# Bubble hash with a blender?



## lemon_breed08 (May 13, 2008)

Hey whats up? Im new here and ive herd allot about bubble hash and what not and i was wondering if it was possible if you could make bubble hash with a blender here is what i was told on how to do it

1. you take leaves stems put into blender with lots of ice and cold water

2. you blend

3. you strain out the material like the blendid leaves and stems

4. then you let it sit in a clear container with ice in the water and saposidly the hash is cold so it falls to the bottom and then you strain out with a silk screen?

has anyone herd of this or can give me some tips on a better way let me know?


----------



## mawth420 (May 15, 2008)

ive never heard of it... 

i think ill try it for myself though cuz i dont have the money for bubble hash bags. lol. 

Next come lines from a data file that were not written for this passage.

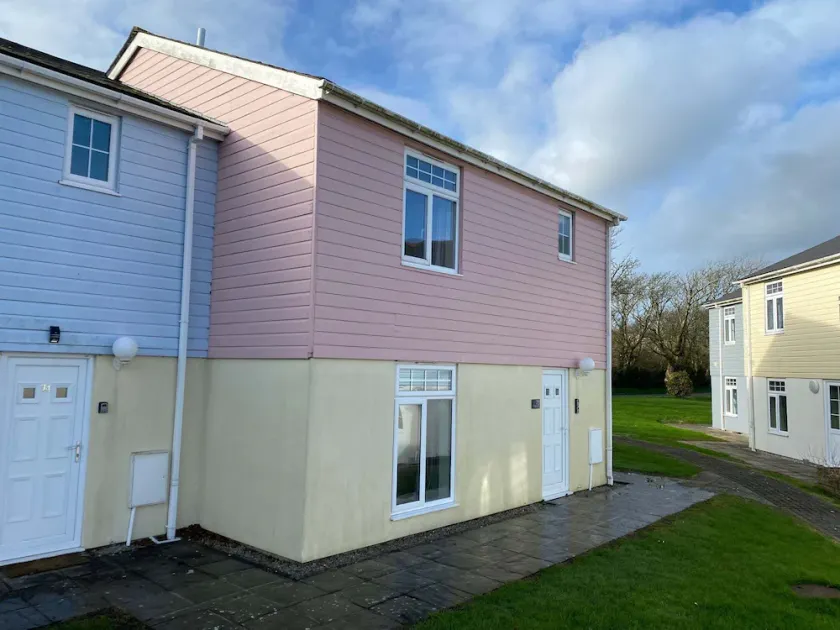 Outstanding 4 Bedroom Open-Plan Lodge.  - Image 1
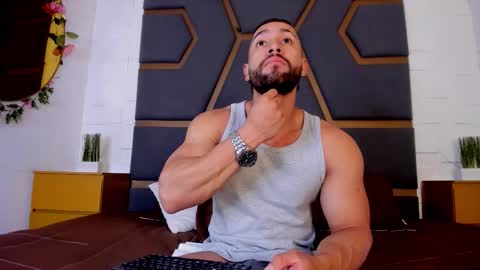 Massimo online show from 12-03-25, 03:25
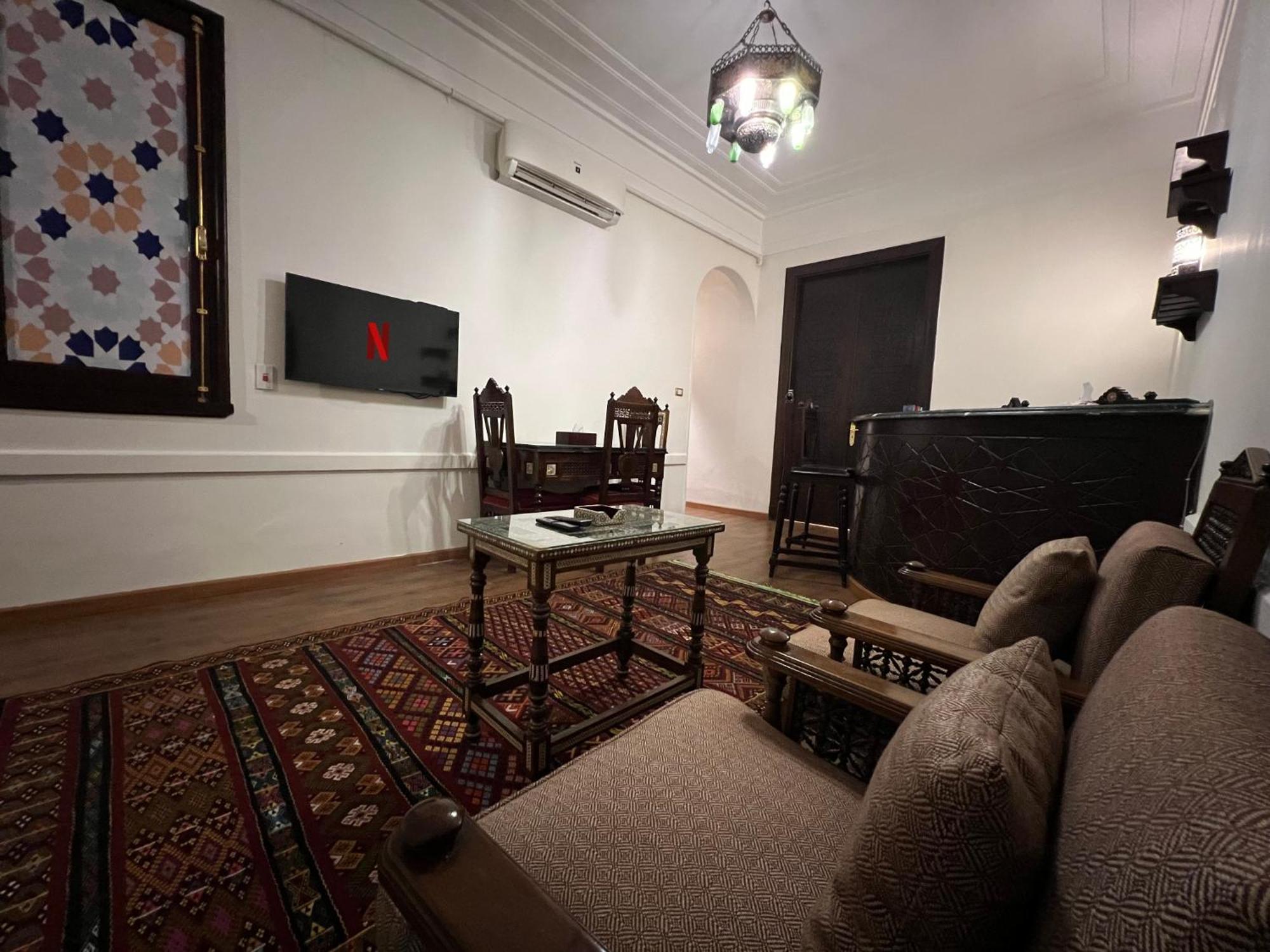 Luxurious Arabesque 3br In Downtown - Mint 7 * Cairo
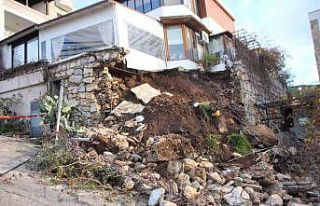 İstinat duvarı büyük bir gürültüyle yıkıldı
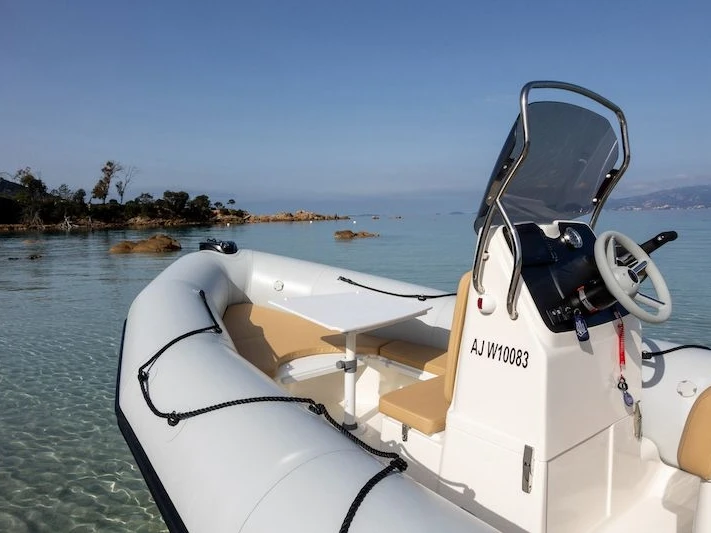 Pronájem lodi Isolella lákavé ceny BOMBARD 650 SUNRIDER NEO
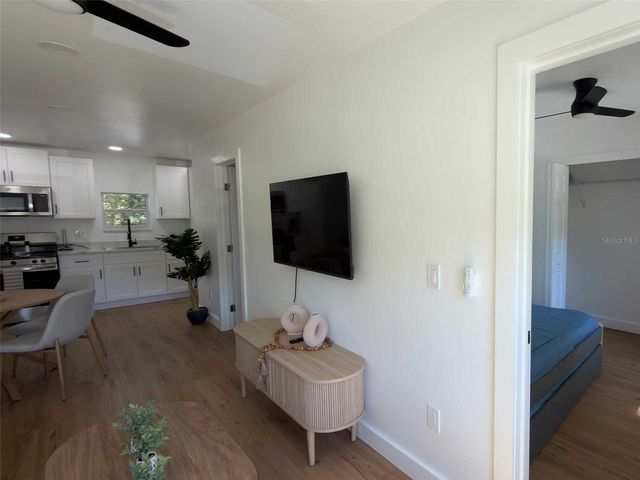 612 N HAMPTON AVENUE, Orlando, FL 32803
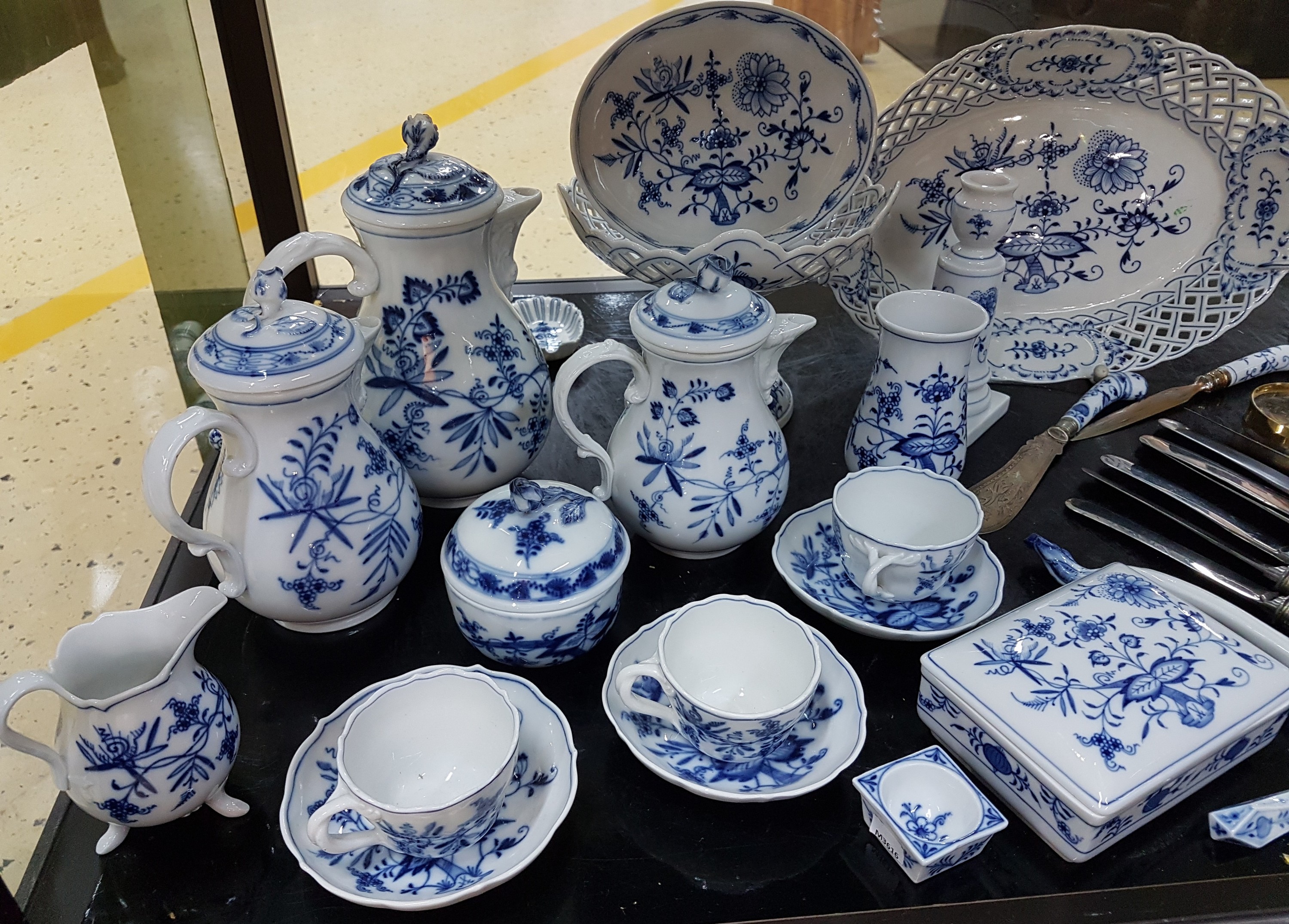 Detail b: Umfangreiches 34tlg. Lot: Zwiebelmuster, Meissen, überwiegend Knaufzeit, Porzellan, 1. Wahl: Fußschale, Kerzenleuchter, große und kleine ...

it sounds like a decent idea...

another way ive heard of making hash is this

use a fine mesh filter and rub the leaves over it to know the trichomes into a bowl
then you take all of the built up "keif-like" stuff and put it in a square of aluminum foil
put this folded sqaure of foil (with the keif stuff inside) on a skilette and warm it up over low heat. 
once its warm press the foil in a vice-grip and allow to cool. 
then you take your product and press it in ur hands to form your hash ball!


----------